Mississippi Gulf Black Drum

Scientific Name: Pogonias cromis
Common Name(s): Drumfish, Banded Drum, Sea Drum, Tfambour Drum
Season: October–March
Similar Species: Grouper, Red Drum
Common Cooking Methods:

Bake, Blacken, Boil, Broil, Deep Fry, Grill, Poach, Raw, Sauté, Sear, Steam

Flavor:

Wild-caught Mississippi Gulf Black Drum is a versatile fish with a sweet and mild flavor similar to Mississippi Gulf Red Snapper. Its firm, moist meat easily breaks into large flakes, making it a great option for all kinds of dishes.

Facts:

The largest of all drumfish, Mississippi Gulf Black Drum can grow in excess of 90 lbs. These wild-caught saltwater fish have powerful jaws able to crush oyster shells. They’re often black and/or gray in color, while juvenile Mississippi Gulf Black Drum feature a distinctive stripe. 

Mississippi Gulf Flounder

Scientific Name:Paralichthys albigutta
Common Name(s):Sand Flounder, Gulf Flounder
Season:June–September
Similar Species:Pompano
Common Cooking Methods:

Bake, Blacken, Boil, Broil, Deep Fry, Grill, Poach, Sauté, Sear, Steam

Flavor:

Mississippi Gulf Flounder has a very fine, flaky texture and a mild, delicate flavor that goes well with lemon.

Facts:

Mississippi Gulf Flounder is one of the flatfish species. It has an oval, slightly elongated and very thin body. Mississippi Gulf Flounder is a left-eye flounder, which means the left side is the “up side” of the fish. It can grow up to 2 lbs. and 15 inches long. 

Mississippi Gulf Mullet

Scientific Name:Mugil cephalus
Common Name(s):Striped mullet, Jumping Mullet, Jumping Jack, Popeye Mullet, Lisa
Season:October–January
Similar Species:Mackerel, Swordfish, Tuna
Common Cooking Methods:

Bake, Blacken, Boil, Broil, Deep Fry, Grill, Microwave, Sauté, Sear, Smoke, Steam

Flavor:

Mississippi Gulf Mullet is a versatile fish. Its firm meat is very oily, which gives it a moist flavor, but also makes it harder to fry. Mississippi Gulf Mullet is delicious baked, broiled and smoked.

Fact:

Mississippi Gulf Mullet has a torpedo-shaped body with silvery-green scales on the back, and silver sides and belly. Mississippi Gulf Mullet is found in highly salty to fresh waters that are warm or temperate. It can often be seen in coastal waters, jumping to evade predators. 

Mississippi Gulf Red Drum

Scientific Name:Sciaenops ocellatus
Common Name(s):Channel Bass, Redfish, Bull Redfish, Spottail Bass, Puppy Drum
Seasons:January–March; October–December
Similar Species:Grouper, Red Snapper
Common Cooking Methods:

Bake, Blacken, Boil, Broil, Deep Fry, Grill, Poach, Sauté, Sear, Steam

Flavor:

Mississippi Gulf Red Drum is known for its moist, firm, flaky meat and a mild, sweet flavor. It is most closely compared to Mississippi Gulf Red Snapper.

Fact:

Mississippi Gulf Red Drum has a copper-bronze body with spots at the base of the tail. A popular sport fish, Mississippi Gulf Red Drum can grow to nearly 5 feet and 95 lbs. It lives in both saltwater and brackish, shallow water. 

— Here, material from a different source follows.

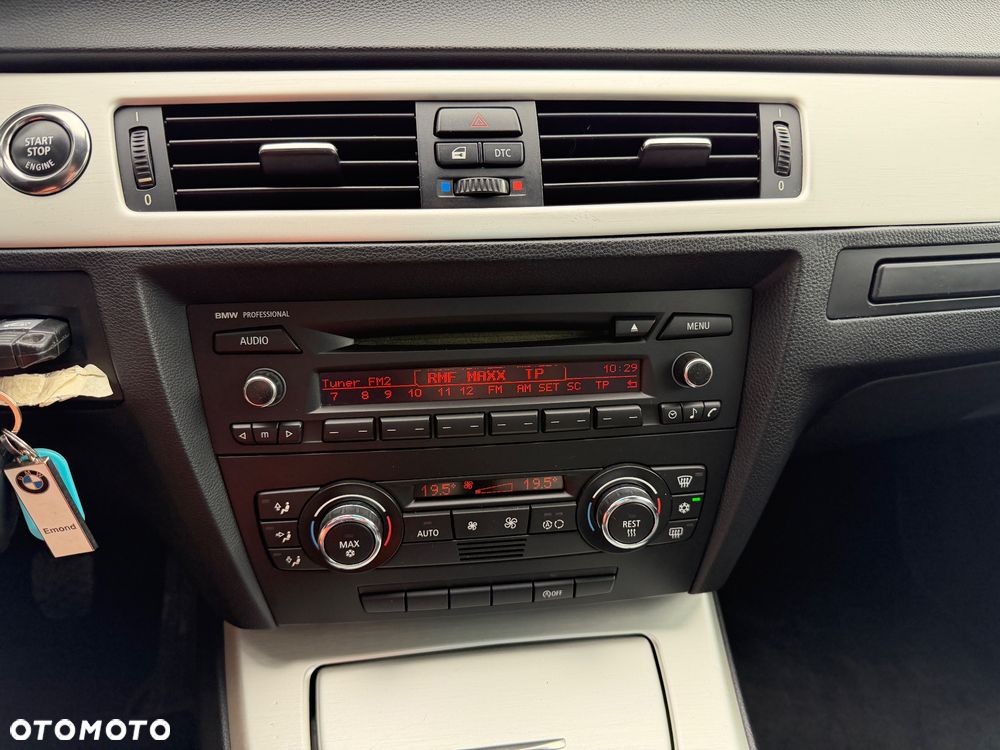BMW Seria 3 - 28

Mississippi Gulf Red Snapper

Scientific Name:Lutjanus campechanus
Common Name(s):North American Red Snapper, American Reds, Snapper, Genuine Snapper
Peak Season:March–June
Similar Species:Grouper, Mahi-Mahi
Common Cooking Methods:

Bake, Blacken, Boil, Deep Fry, Grill, Poach, Raw, Sauté, Sear, Steam

Flavor:

Mississippi Gulf Red Snapper is light, extra-lean and moist, with a distinctly sweet and mild flavor that makes it a versatile choice for all kinds of recipes and cooking styles. Its meat is pinkish, but turns white when cooked.

Fact:

Mississippi Gulf Red Snapper is generally light red with a darker red back. Mississippi Gulf Red Snapper typically swim in depths of 30- to 200-feet, but can be found at waters up to 300 feet deep. It prefers rocky bottom ledges, ridges, and artificial reefs.

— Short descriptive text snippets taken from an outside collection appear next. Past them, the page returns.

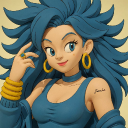 avatar 『𝐕𝐀™,✿𝐉𝐔𝐍𝐊⍟』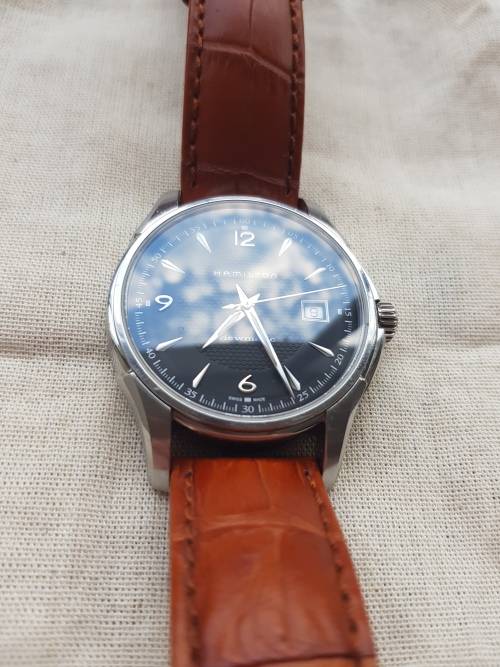 Hamilton Viewmatic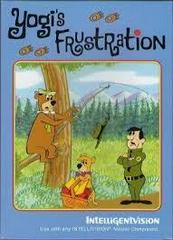 Yogi's Frustration [Homebrew] - Intellivision | Anubis Games and Hobby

Mississippi Gulf Mangrove Snapper

Scientific Name:Lutjanus griseus
Common Name(s):Gray Snapper
Peak Season:March–June
Similar Species:Grouper, Mahi-Mahi
Common Cooking Methods:

Bake, Blacken, Boil, Deep Fry, Grill, Poach, Raw, Sauté, Sear, Steam

Flavor:

Mississippi Gulf Mangrove Snapper is loved for its lean, light and flaky meat, and mildly sweet flavor.

Fact:

The Mississippi Gulf Mangrove Snapper is one of the most common species of warm-region snapper. 

Mississippi Gulf Lane Snapper

Scientific Name:Lutjanus synagris
Common Name(s):Candy Stripper, Rainbow Snapper, Redtail Snapper, Spot Snapper
Peak Season:March–June
Similar Species:Grouper, Mahi-Mahi
Common Cooking Methods:

Bake, Blacken, Boil, Deep Fry, Grill, Poach, Raw, Sauté, Sear, Steam

Flavor:

Mississippi Gulf Lane Snapper is prized for its mild, delicate flavor and semi-firm white meat.

Fact:

Mississippi Gulf Lane Snapper is a rose-colored snapper with a faint greenish tint on its back and upper sides. It has irregular pink and yellow lines on its sides and a lone black spot. Unlike many other snapper species, Mississippi Gulf Lane Snapper is typically caught in shallower waters.  

yellowtail snapper

Mississippi Gulf Yellowtail Snapper

Scientific name:Ocyurus chrysurus
Common name(s):Cola or Yellowtail
Seasons:Year-round
Similar species:Grouper, Mahi-Mahi
Common Cooking Methods:

 Bake, Blacken, Boil, Deep Fry, Grill, Poach, Raw, Sauté, Sear, Steam

Flavor:

Mississippi Gulf Yellowtail Snapper is prized for its firm texture and light, flaky meat that is great for many cooking styles.

Fact:

Mississippi Gulf Yellowtail Snapper usually have a distinctive yellow stripe. It is typically caught in 30–120 feet of water around reefs and other structures, Mississippi Gulf Yellowtail Snapper must be at least 12″ long to be harvested in most areas.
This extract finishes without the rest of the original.